__Action item__: Could you restate word for word the lines running from the one with "Mongoose - 1988" to the end of the data, both ends included, but without pictures?

__Source material__:
══════════

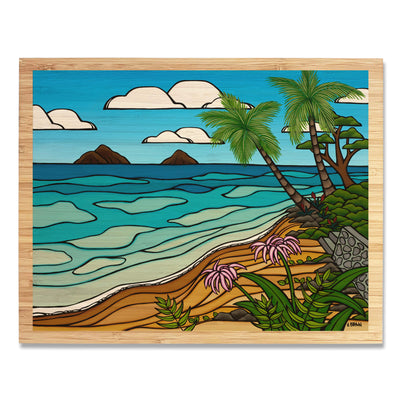 A colorful tropical island with beautiful flowers, coconut trees and crashing waves by Hawaii surf artist Heather Brown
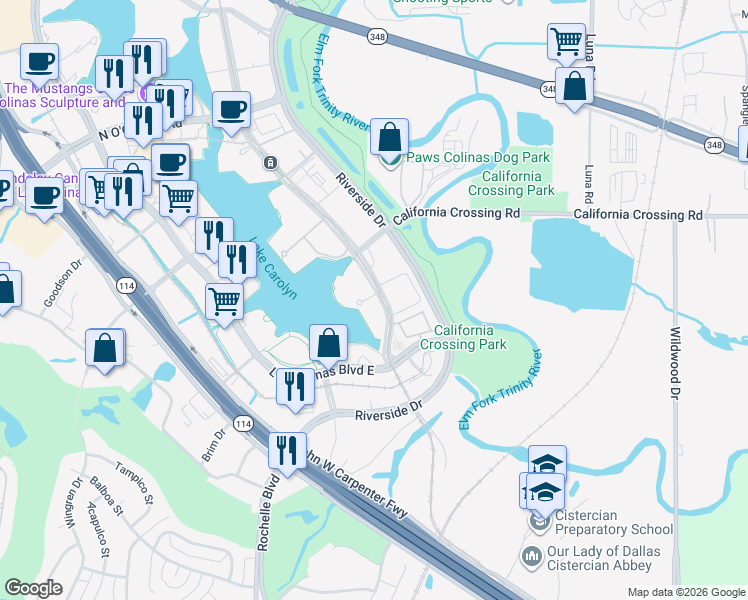 map of restaurants, bars, coffee shops, grocery stores, and more near 620 Lake Carolyn Parkway in Irving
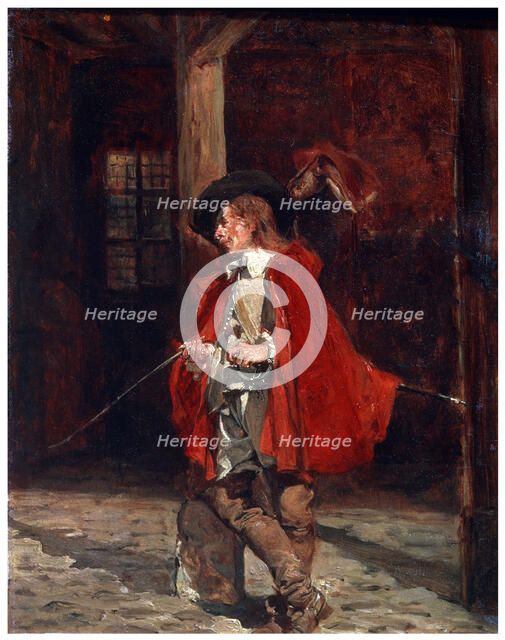 'Bretteur (Swordsman) in a Red Cloak', 19th century. Artist: Jean Louis Ernest Meissonier
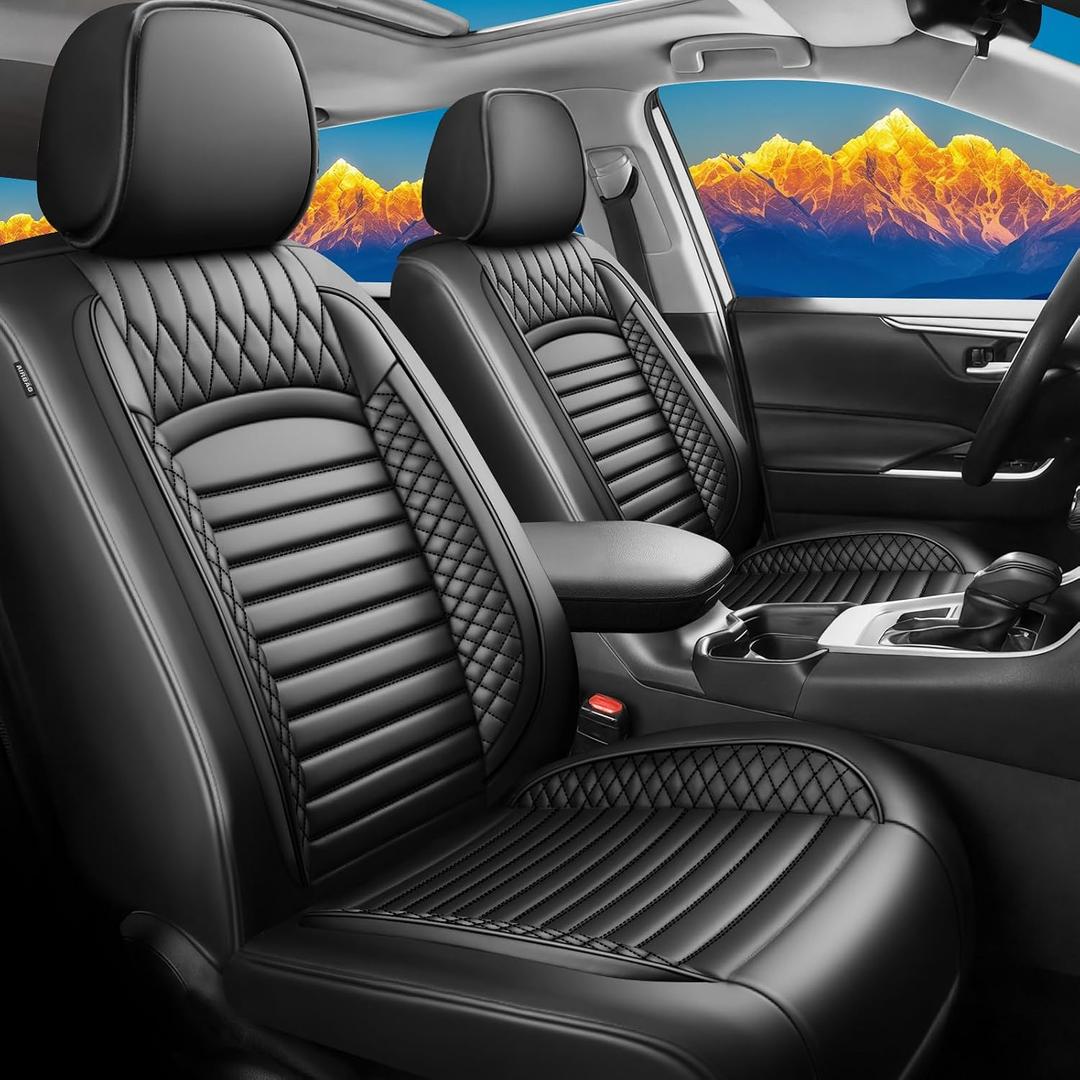 Fit RAV4 Car Seat Covers for Toyota RAV4 2019-2025 2026 Hybrid XLE LE XSE XLE Premium,Limited-Premium Waterproof&Breathable Leather,All-Weather Seat Cushion Protector,Full Set,Black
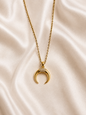 Crescent Horn Crystal Pendant Necklace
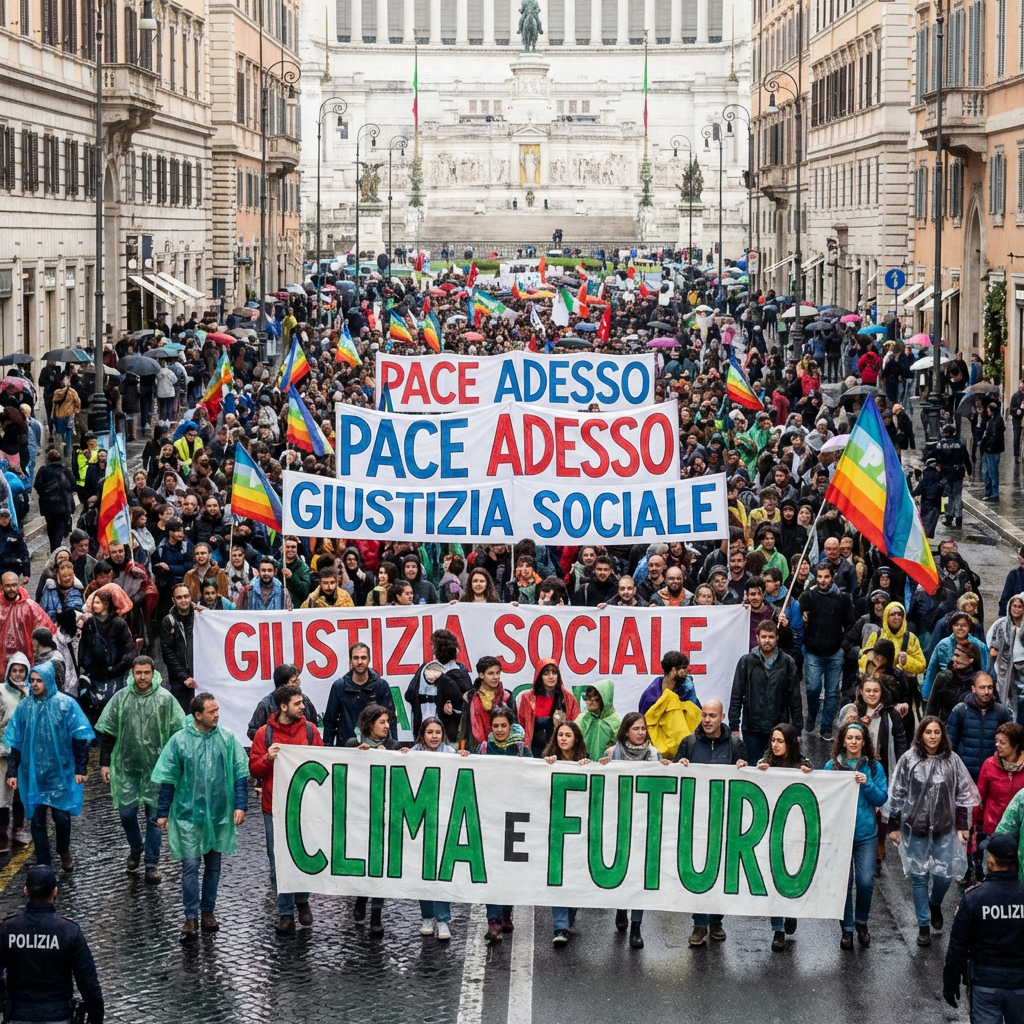 Protesters carry banners reading PACE ADESSO, PACE ADESSO, GIUSTIZIA SOCIALE, GIUSTIZIA SOCIALE, CLIMA E FUTURO.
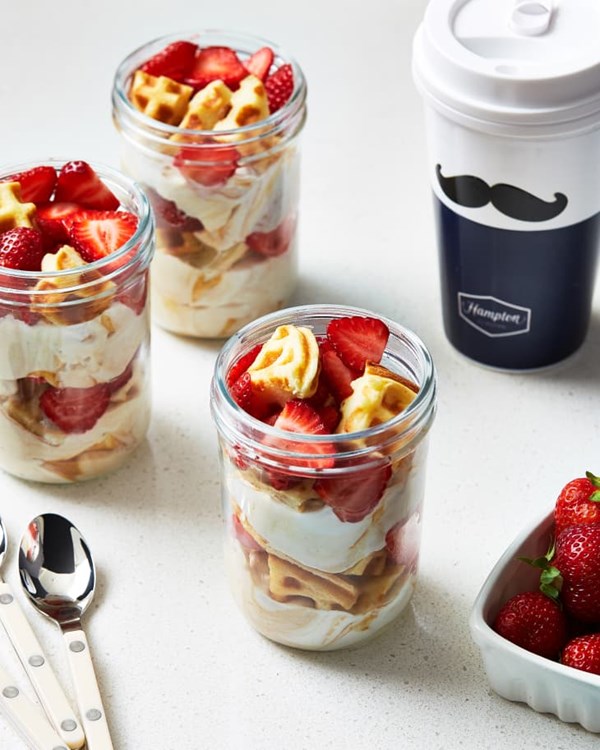 PB&J waffle parfait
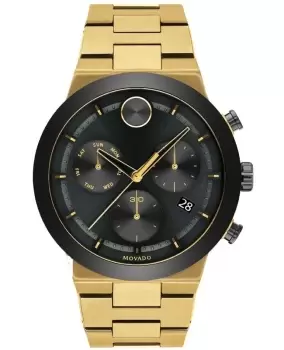 Image of Movado Bold Fusion Black Dial Gold Steel Mens Watch 3600731 3600731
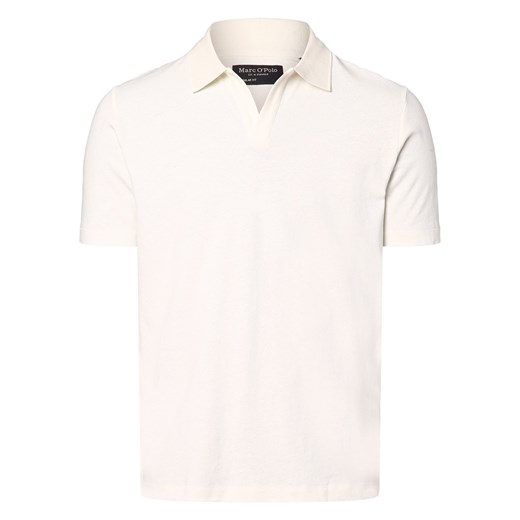 Marc O'Polo Męska koszulka polo z zawartością lnu Mężczyźni Bawełna écru jednolity ze sklepu vangraaf w kategorii T-shirty męskie - zdjęcie 170442887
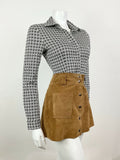 VINTAGE 60s 70s WHITE BLACK GEOMETRIC CHECKERBOARD MOD SHIRT BLOUSE 10 12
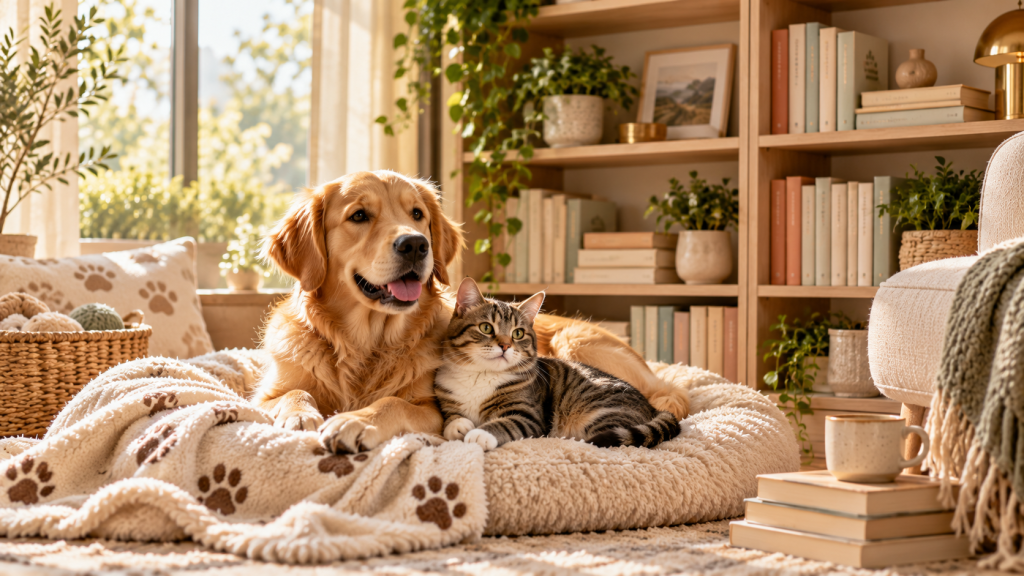 Un Golden Retriever et un chat tigré installés ensemble dans un coin lecture chaleureux, devant une bibliothèque remplie de livres.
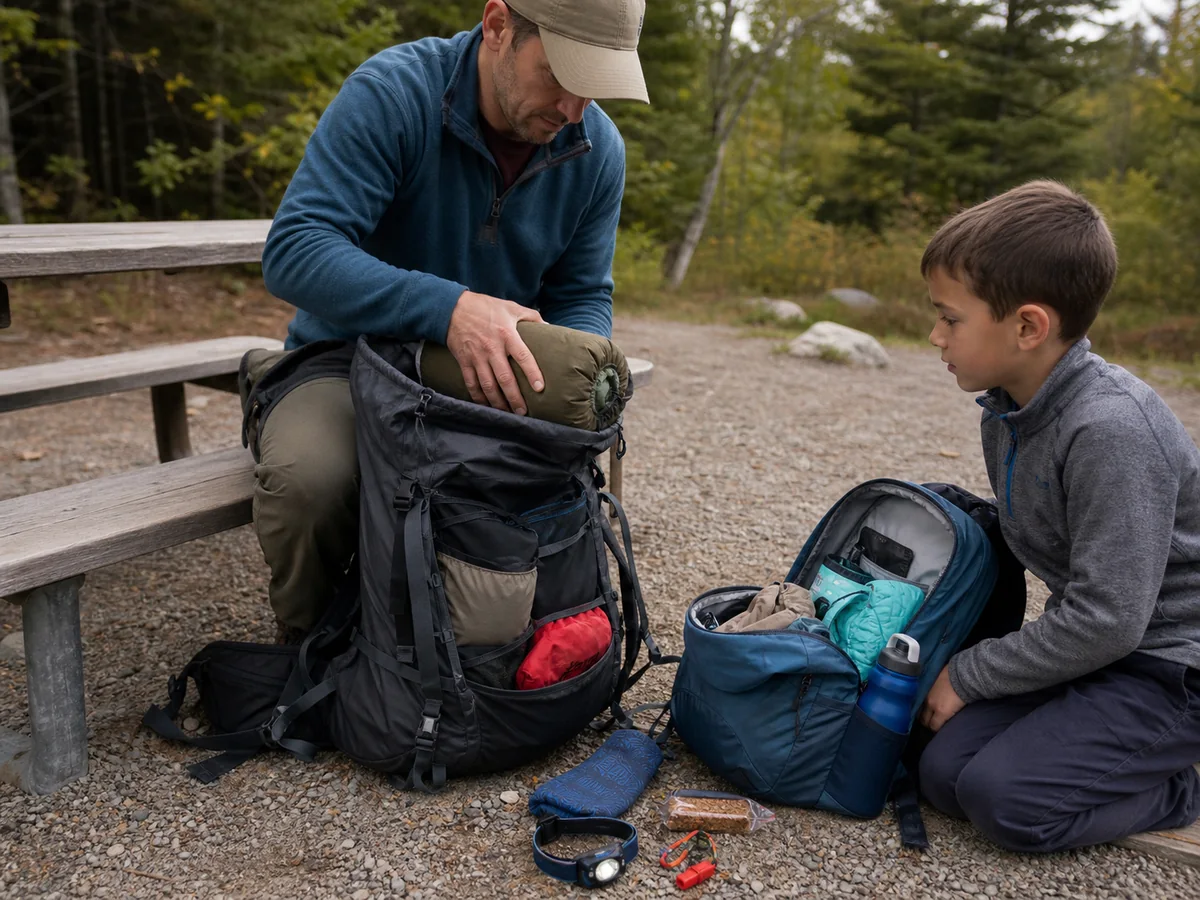 Adult moving a child's lightweight sleeping item into an open backpack while the child keeps water, snack, warm layer, whistle, and headlamp - child pack load transfer | KnowOutdoor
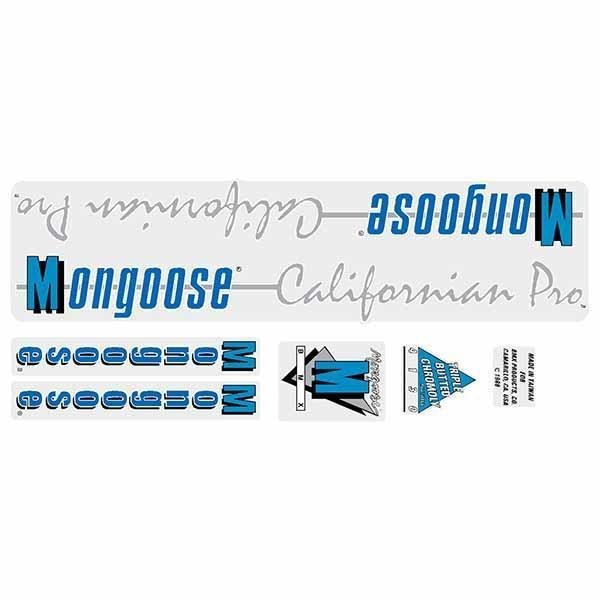 Mongoose - 1988 Californian Pro for grey frame Decal set - old school bmx - Bmx Products AU
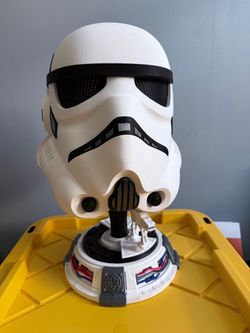 Full size 3D Printed Star Wars Lego Stormtrooper Helmet with Detailed Display Stand
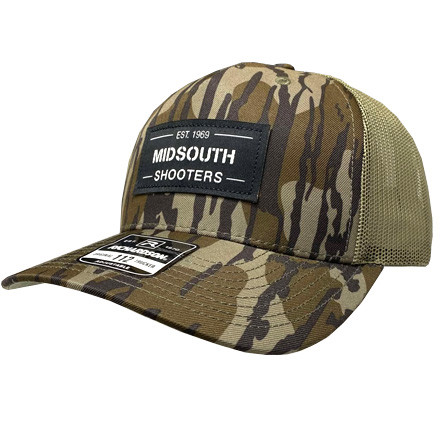 Richardson 112 Mossy Oak Bottomland Camo & Loden Green MeshTrucker Caps with Woven Midsouth Brand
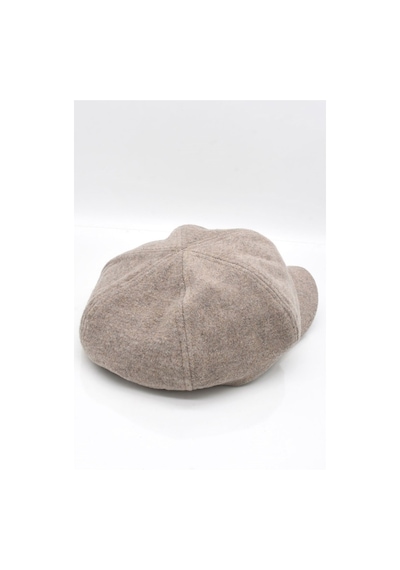 Külah Kadın Kasket Yün Flat Cap Vizon Şapka Vizon Standart
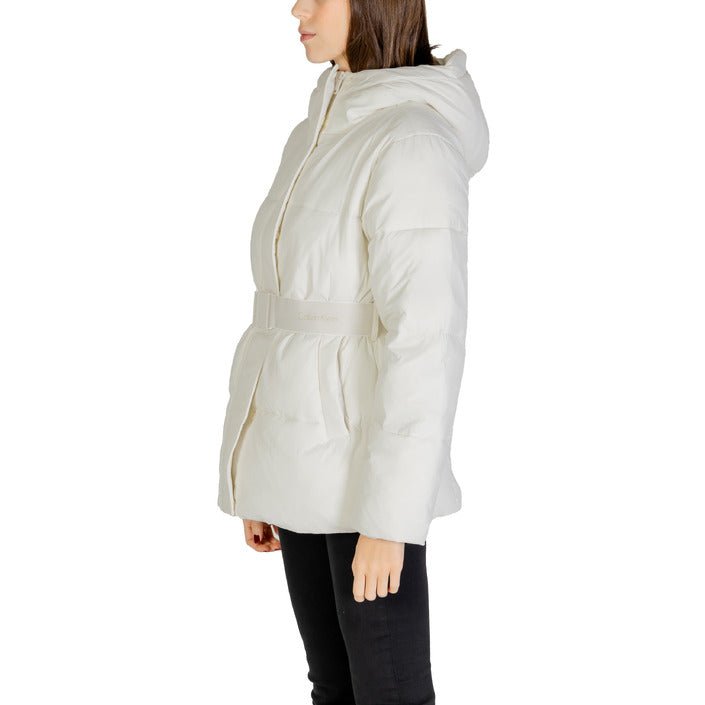 Calvin Klein Logo Belt Puffer Down Turtleneck Jacket White - Princess Attitude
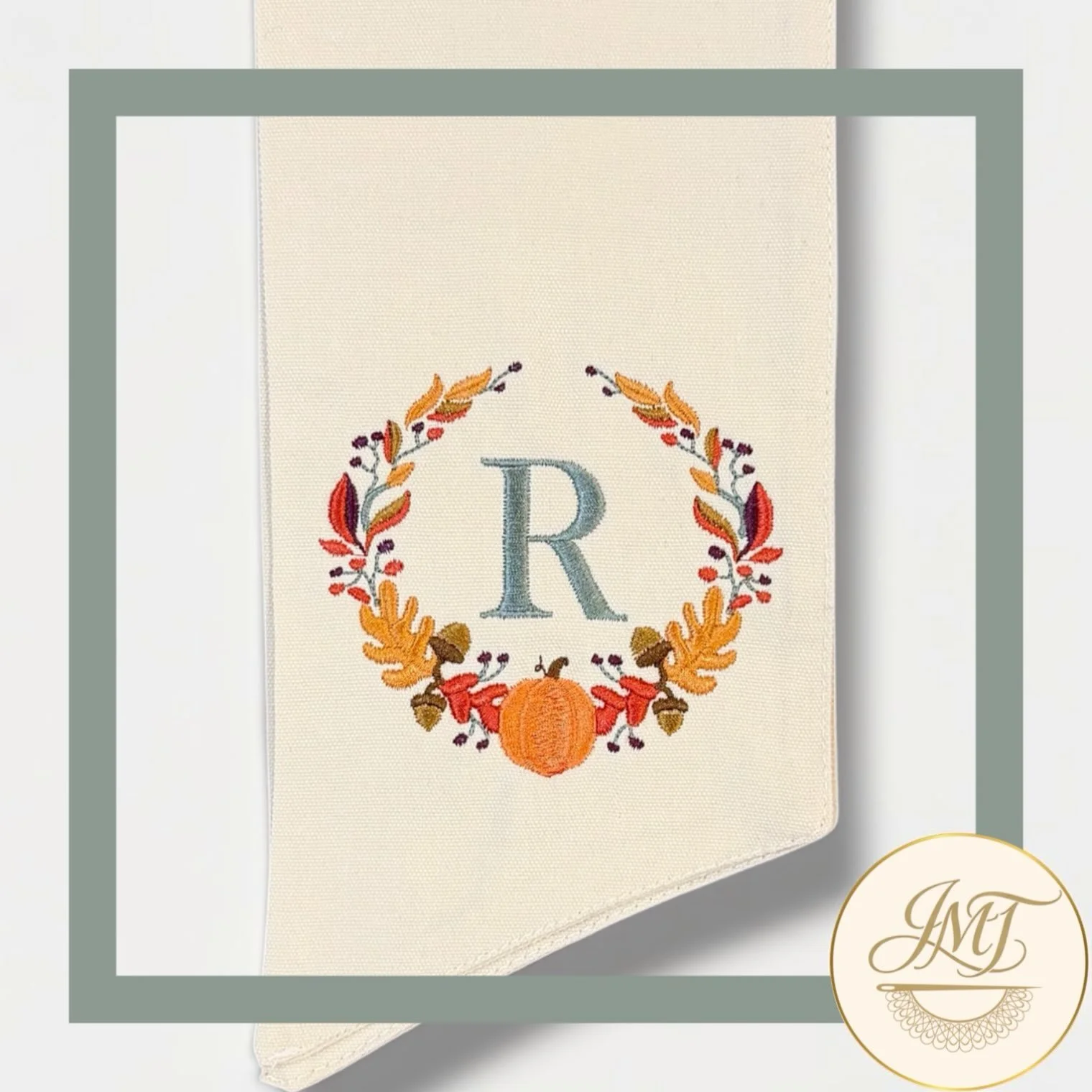 Fall wreath design on a khaki sash 🍁🪡🧵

══════════

__Task response__:
 Mongoose - 1988 Californian Pro for grey frame Decal set - old school bmx - Bmx Products AU
 Full size 3D Printed Star Wars Lego Stormtrooper Helmet with Detailed Display Stand
 Richardson 112 Mossy Oak Bottomland Camo & Loden Green MeshTrucker Caps with Woven Midsouth Brand
 Külah Kadın Kasket Yün Flat Cap Vizon Şapka Vizon Standart
 Calvin Klein Logo Belt Puffer Down Turtleneck Jacket White - Princess Attitude
 Fall wreath design on a khaki sash 🍁🪡🧵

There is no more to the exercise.